(Excerpts from a dataset)
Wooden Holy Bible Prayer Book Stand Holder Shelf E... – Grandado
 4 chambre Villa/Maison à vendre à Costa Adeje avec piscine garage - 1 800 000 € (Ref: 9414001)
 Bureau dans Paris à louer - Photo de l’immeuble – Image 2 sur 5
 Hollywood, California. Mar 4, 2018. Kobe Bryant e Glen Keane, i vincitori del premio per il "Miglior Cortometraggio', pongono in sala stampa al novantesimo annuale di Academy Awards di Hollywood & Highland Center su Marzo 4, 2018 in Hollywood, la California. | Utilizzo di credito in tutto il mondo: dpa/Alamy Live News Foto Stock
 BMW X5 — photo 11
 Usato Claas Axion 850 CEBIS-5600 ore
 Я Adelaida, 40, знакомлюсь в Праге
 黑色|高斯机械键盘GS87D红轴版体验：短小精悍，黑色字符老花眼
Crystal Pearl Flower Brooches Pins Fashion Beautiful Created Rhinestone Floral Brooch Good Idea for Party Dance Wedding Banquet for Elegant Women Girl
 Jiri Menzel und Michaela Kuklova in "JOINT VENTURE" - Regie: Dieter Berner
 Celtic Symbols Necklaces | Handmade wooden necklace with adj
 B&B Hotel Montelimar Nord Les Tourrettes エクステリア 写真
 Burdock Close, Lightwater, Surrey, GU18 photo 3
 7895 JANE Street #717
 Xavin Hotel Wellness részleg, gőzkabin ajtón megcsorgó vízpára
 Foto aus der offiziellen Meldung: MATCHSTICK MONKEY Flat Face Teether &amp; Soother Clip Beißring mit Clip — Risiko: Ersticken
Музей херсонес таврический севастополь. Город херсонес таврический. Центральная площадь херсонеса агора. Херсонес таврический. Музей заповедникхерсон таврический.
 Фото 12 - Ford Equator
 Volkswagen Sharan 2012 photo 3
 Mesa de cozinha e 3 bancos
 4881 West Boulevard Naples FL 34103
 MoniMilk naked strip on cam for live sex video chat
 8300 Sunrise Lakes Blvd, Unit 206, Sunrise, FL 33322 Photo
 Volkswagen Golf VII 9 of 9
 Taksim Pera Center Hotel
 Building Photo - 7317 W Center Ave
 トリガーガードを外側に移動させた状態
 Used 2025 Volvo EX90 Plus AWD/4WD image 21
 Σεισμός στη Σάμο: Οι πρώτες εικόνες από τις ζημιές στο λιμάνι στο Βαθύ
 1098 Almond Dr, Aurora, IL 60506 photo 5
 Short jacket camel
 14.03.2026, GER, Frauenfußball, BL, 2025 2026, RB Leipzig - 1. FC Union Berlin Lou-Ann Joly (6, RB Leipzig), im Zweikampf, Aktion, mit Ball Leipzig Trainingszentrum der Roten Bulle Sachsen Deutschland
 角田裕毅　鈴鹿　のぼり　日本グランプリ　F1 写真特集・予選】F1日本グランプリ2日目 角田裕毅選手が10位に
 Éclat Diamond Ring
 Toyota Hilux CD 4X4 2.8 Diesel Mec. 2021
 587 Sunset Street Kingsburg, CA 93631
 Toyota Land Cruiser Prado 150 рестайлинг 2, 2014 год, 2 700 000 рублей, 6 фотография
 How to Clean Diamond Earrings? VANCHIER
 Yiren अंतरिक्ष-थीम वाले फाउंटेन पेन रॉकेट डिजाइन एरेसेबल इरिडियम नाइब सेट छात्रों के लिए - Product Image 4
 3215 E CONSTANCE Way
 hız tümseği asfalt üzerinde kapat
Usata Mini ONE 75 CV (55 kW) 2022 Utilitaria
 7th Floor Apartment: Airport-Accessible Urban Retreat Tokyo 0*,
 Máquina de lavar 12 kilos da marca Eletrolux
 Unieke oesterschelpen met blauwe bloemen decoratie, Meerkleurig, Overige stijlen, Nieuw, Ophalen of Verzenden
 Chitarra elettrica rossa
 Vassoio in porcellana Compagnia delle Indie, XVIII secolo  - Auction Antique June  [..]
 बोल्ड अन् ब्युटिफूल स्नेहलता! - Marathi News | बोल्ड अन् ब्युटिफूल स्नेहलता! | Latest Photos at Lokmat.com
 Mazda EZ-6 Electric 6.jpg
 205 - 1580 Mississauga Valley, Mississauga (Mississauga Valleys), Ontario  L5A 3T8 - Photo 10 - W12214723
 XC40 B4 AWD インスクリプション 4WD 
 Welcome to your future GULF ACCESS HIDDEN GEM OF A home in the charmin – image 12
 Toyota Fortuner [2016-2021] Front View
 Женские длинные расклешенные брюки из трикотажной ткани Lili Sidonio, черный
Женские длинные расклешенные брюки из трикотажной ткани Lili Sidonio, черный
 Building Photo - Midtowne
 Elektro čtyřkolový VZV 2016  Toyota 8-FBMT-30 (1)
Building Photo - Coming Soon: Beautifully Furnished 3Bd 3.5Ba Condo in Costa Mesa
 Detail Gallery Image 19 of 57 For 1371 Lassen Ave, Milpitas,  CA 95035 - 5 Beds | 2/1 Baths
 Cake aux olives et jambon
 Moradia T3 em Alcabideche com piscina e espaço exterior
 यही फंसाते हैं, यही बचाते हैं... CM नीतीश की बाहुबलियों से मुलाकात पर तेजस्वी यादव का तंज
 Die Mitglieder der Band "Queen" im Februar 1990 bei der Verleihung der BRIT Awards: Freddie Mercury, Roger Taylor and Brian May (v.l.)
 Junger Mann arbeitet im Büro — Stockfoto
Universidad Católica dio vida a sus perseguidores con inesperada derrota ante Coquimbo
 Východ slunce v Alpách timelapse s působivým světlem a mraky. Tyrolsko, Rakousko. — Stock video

Assigned task: Copy word for word the stretch of entries above from the line that has "Jiri Menzel und" through the line that has "Foto aus der", both ends included, and nothing outside it.

Finished task:
 Jiri Menzel und Michaela Kuklova in "JOINT VENTURE" - Regie: Dieter Berner
 Celtic Symbols Necklaces | Handmade wooden necklace with adj
 B&B Hotel Montelimar Nord Les Tourrettes エクステリア 写真
 Burdock Close, Lightwater, Surrey, GU18 photo 3
 7895 JANE Street #717
 Xavin Hotel Wellness részleg, gőzkabin ajtón megcsorgó vízpára
 Foto aus der offiziellen Meldung: MATCHSTICK MONKEY Flat Face Teether &amp; Soother Clip Beißring mit Clip — Risiko: Ersticken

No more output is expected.